* **TASK OBJECTIVE**
In the records below, the lines from the one containing "Striped Overlap Print" through the last are to be reproduced exactly and alone.

* **INPUT DATA**

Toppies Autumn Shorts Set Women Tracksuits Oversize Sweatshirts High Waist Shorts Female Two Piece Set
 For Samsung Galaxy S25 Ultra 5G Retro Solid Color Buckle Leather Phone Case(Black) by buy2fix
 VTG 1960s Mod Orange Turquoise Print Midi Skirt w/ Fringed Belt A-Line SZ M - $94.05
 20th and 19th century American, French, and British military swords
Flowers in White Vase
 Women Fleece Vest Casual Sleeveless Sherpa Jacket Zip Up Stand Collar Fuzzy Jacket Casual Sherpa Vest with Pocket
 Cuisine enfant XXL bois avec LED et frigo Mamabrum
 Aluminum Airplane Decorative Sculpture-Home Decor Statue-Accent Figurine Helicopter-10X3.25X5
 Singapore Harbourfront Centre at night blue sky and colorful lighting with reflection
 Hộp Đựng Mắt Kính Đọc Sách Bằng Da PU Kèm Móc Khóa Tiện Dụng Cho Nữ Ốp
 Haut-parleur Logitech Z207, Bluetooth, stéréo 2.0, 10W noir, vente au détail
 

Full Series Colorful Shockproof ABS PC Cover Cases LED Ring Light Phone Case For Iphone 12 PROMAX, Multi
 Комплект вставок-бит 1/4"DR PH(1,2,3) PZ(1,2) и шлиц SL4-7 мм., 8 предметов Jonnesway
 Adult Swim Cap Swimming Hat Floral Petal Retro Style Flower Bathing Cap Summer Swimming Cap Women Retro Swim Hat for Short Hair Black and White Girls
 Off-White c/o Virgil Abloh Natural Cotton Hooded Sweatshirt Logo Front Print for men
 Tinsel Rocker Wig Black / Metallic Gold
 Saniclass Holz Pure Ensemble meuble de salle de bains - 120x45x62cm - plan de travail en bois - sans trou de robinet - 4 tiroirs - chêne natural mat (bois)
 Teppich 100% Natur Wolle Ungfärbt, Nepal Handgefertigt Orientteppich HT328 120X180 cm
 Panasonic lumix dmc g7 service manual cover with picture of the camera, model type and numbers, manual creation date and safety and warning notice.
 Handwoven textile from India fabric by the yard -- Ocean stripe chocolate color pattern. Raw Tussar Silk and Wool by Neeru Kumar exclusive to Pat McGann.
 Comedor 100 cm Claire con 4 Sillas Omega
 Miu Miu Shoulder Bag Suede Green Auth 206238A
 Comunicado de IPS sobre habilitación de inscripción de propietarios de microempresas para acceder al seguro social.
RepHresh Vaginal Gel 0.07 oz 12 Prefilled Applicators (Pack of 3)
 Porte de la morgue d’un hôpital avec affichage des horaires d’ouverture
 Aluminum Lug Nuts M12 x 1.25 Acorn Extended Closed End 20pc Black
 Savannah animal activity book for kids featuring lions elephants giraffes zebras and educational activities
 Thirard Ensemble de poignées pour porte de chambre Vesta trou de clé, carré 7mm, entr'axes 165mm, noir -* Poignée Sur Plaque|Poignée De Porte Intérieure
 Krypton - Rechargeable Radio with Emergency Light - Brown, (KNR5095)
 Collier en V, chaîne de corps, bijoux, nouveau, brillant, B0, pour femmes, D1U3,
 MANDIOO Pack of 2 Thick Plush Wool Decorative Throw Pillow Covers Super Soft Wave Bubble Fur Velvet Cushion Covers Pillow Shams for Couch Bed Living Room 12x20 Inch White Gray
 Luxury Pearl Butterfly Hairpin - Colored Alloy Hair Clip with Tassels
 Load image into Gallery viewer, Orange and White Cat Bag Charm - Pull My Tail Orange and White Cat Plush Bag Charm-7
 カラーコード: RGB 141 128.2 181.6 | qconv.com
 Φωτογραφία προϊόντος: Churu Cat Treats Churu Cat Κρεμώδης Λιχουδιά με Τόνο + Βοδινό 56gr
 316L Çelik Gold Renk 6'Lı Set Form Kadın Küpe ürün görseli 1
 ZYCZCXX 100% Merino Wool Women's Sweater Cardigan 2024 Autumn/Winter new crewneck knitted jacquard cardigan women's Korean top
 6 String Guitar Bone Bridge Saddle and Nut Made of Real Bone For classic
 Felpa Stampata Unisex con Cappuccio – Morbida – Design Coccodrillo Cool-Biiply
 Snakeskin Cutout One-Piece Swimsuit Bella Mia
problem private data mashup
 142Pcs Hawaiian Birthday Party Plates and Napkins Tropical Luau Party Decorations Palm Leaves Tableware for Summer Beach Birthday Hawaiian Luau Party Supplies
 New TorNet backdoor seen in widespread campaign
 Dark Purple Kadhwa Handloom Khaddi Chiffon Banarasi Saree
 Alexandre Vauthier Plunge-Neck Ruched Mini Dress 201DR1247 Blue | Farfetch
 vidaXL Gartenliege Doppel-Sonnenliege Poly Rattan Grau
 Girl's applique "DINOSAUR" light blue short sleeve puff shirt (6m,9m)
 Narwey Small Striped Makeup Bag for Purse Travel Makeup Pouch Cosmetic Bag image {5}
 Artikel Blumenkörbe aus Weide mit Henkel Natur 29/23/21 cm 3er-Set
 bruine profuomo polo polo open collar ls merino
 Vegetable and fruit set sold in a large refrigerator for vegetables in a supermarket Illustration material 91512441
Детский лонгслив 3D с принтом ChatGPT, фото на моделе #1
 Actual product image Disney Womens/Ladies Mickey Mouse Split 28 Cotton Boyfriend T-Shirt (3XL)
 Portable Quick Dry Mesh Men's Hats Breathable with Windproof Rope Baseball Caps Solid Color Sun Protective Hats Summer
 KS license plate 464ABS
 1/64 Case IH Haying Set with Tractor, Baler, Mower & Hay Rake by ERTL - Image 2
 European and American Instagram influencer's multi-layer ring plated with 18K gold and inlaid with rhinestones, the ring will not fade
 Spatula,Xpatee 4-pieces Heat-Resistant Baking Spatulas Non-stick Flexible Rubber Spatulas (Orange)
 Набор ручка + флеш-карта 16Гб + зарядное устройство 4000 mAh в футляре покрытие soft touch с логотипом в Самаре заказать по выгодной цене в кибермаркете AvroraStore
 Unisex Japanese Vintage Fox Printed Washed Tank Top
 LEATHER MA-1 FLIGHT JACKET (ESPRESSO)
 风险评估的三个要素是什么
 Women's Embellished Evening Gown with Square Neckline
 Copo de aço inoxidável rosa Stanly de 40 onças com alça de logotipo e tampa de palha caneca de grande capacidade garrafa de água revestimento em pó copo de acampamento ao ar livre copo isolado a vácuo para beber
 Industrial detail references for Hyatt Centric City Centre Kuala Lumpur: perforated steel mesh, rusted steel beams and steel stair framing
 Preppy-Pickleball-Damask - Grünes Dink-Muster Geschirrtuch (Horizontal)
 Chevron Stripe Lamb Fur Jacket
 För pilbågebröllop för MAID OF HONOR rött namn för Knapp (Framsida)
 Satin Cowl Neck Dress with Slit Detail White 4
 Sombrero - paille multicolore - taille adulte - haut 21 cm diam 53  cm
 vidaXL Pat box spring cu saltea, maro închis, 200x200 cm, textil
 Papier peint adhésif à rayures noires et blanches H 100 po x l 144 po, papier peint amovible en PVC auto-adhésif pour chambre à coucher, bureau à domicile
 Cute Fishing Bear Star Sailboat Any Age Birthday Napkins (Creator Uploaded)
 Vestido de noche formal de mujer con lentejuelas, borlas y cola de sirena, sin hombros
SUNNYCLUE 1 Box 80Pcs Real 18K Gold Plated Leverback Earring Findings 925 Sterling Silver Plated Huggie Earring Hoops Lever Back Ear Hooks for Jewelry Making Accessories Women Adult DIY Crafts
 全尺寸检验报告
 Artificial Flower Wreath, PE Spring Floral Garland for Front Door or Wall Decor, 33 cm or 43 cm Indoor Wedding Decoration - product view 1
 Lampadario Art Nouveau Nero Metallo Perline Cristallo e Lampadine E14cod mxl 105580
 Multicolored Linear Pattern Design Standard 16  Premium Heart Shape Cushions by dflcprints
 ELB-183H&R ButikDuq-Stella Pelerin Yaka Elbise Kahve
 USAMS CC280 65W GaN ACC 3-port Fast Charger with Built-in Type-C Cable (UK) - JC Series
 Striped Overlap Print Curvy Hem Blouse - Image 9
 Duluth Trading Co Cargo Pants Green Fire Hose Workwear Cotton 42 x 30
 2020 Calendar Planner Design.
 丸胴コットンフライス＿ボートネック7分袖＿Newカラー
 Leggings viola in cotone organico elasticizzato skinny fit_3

* **WRITTEN RESPONSE**
 Striped Overlap Print Curvy Hem Blouse - Image 9
 Duluth Trading Co Cargo Pants Green Fire Hose Workwear Cotton 42 x 30
 2020 Calendar Planner Design.
 丸胴コットンフライス＿ボートネック7分袖＿Newカラー
 Leggings viola in cotone organico elasticizzato skinny fit_3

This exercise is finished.